The required output is the line with "Seamless red & gold swirls wallpaper" plus all lines that follow it to the end of the listing below, written out exactly, with no pictures.

__________

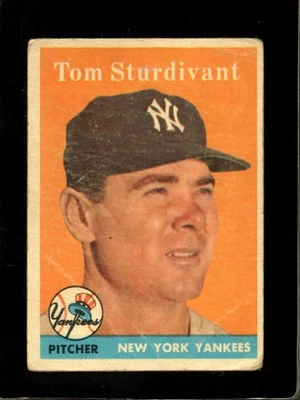 1958 TOPPS #127 TOM STURDIVANT FAIR YANKEES *NY0666 - Image 1 of 2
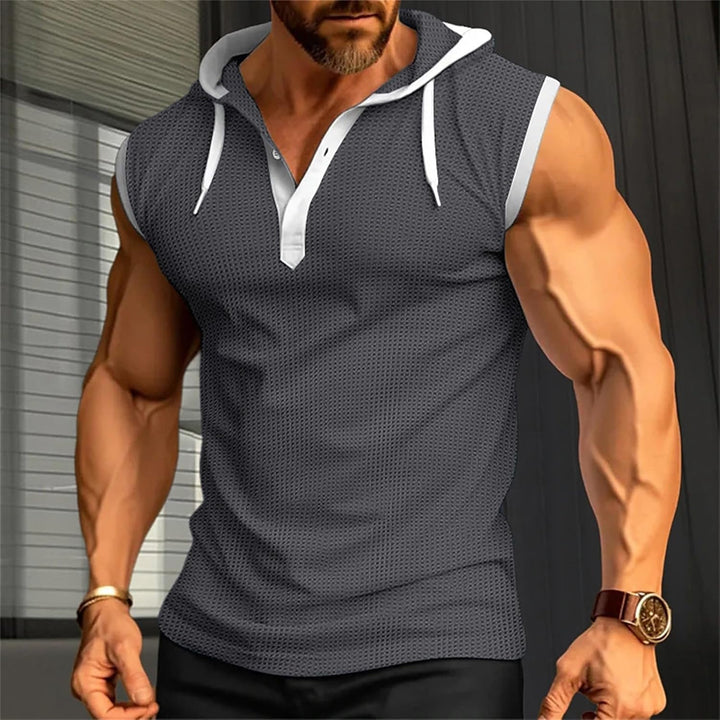 Men's sleeveless hooded muscle summer shirt with breathable, lightweight fabric for workouts and casual wear.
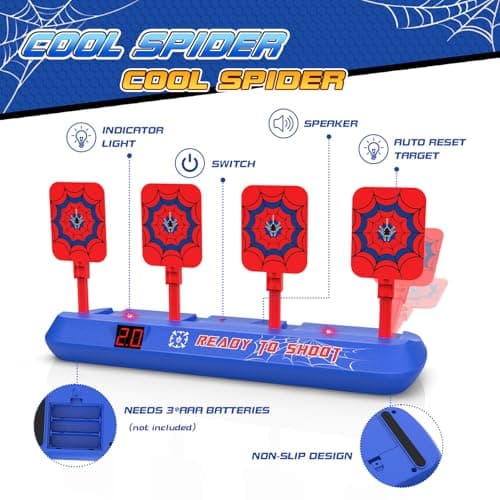 Nerf Target with Gun for Children, Electronic Shooting Target Game with Sound Effect, 20 Darts Gun Toy Boy Girl 3 4 5 6 7 8 9 Years Outdoor Games Garden Gifts Christmas Birthday Easter - Image 3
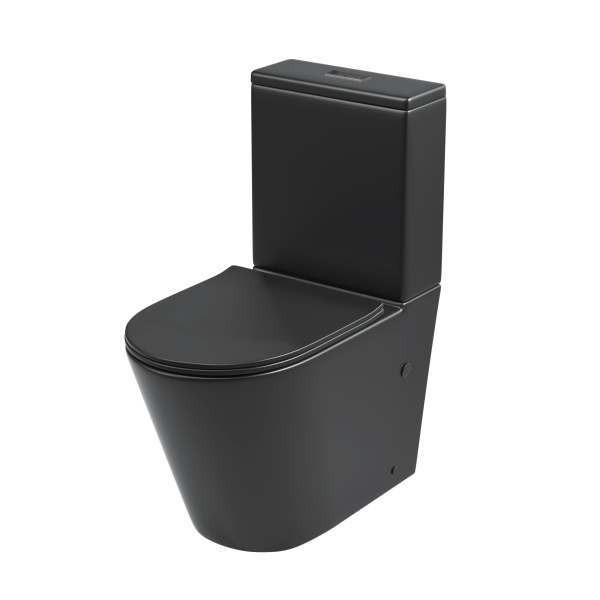 Унитаз напольный Grossman (640х360х835) безободковый,черный матовый с тонкой крышкой,микр GR-4458BMS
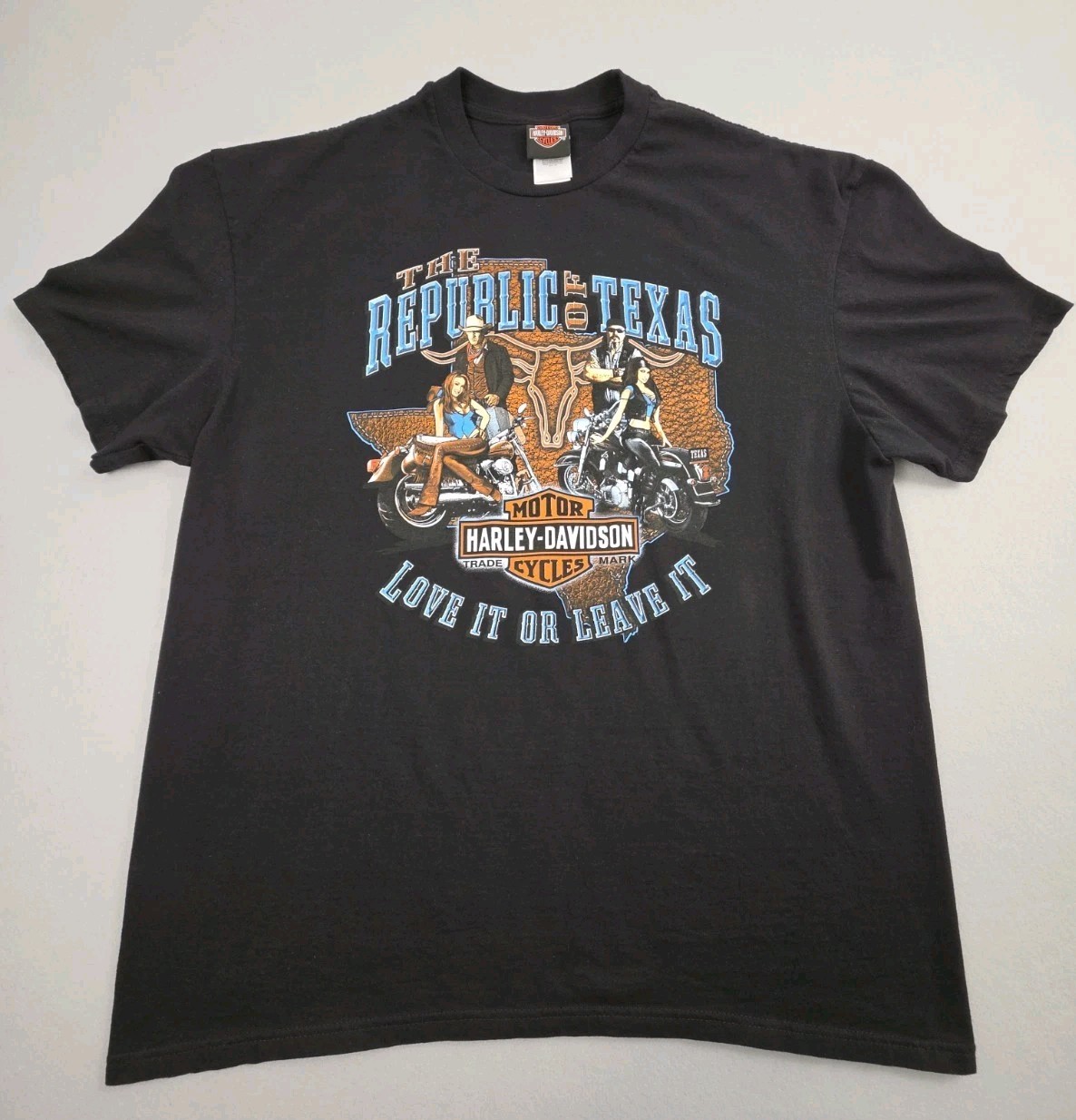 Vintage Harley Davidson T Shirt Men 2XL Black Republic Texas San Antonio Tee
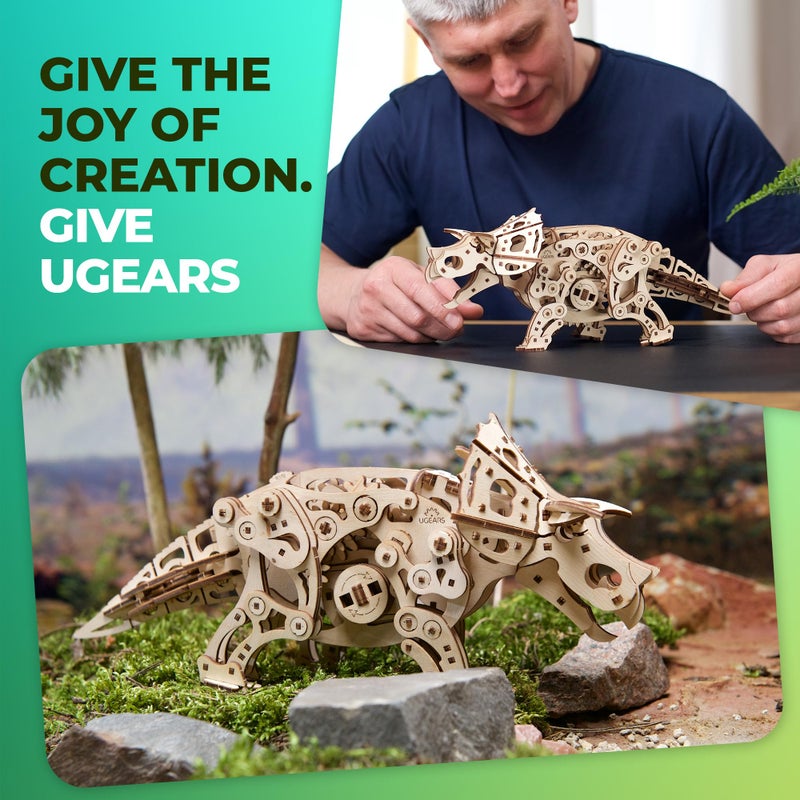 UGEARS Wooden 3D Puzzles for Adults - Triceratops Dinosaur Puzzle DIY Craft Kits Mechanical Models for Adults to Build - 3D Wooden Dinosaur Automaton Model Kit Wood Puzzles Adult - 400 Pcs - Image 3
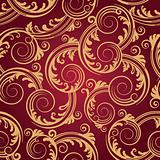 Seamless red & gold swirls wallpaper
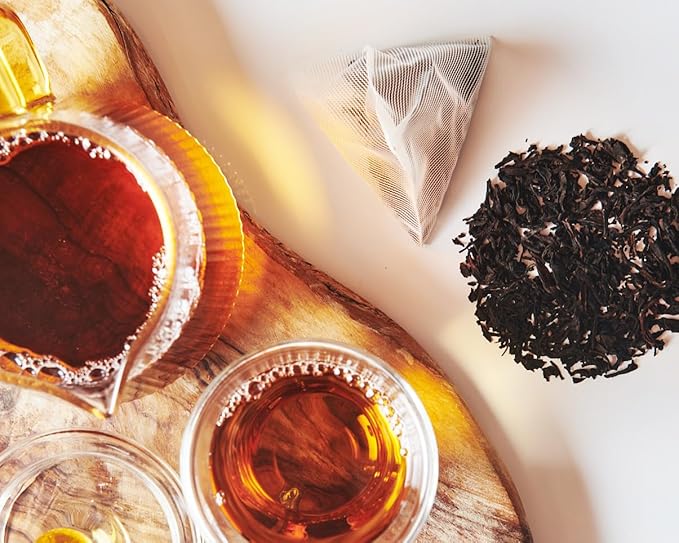 Grace Farms Organic English Breakfast Black Tea, (100 Enveloped Pyramid Sachets w/String & Tag) | Fairtrade & Kosher |Gives Back 100% of Profits - Bloomnest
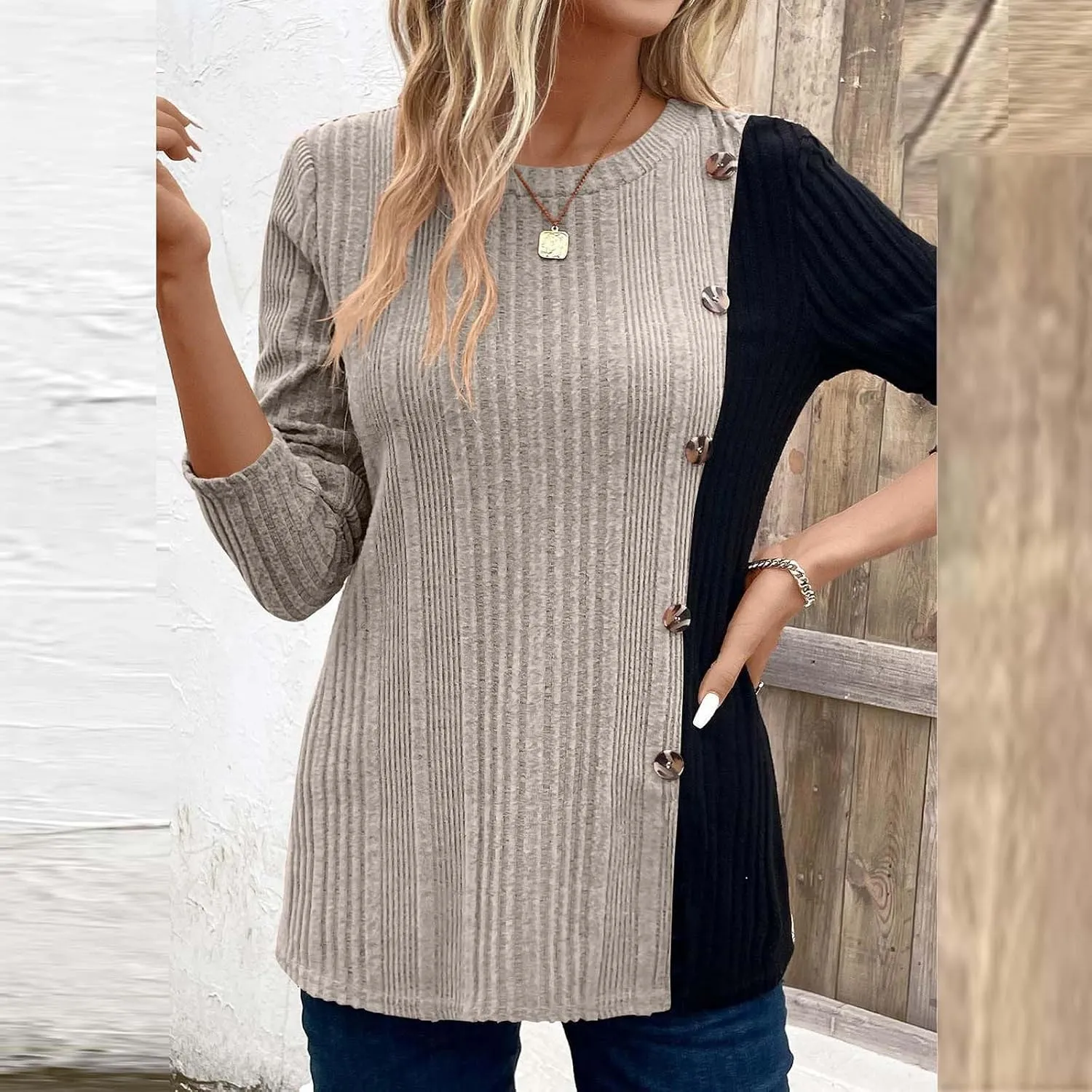 jovati Women's Casual Round Neck Tops Fashion Versatile Color Block Knit Sweater Loose Comfy Solid Long Sleeve Pullover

__________

RESPONSE
 Seamless red & gold swirls wallpaper
 Grace Farms Organic English Breakfast Black Tea, (100 Enveloped Pyramid Sachets w/String & Tag) | Fairtrade & Kosher |Gives Back 100% of Profits - Bloomnest
 jovati Women's Casual Round Neck Tops Fashion Versatile Color Block Knit Sweater Loose Comfy Solid Long Sleeve Pullover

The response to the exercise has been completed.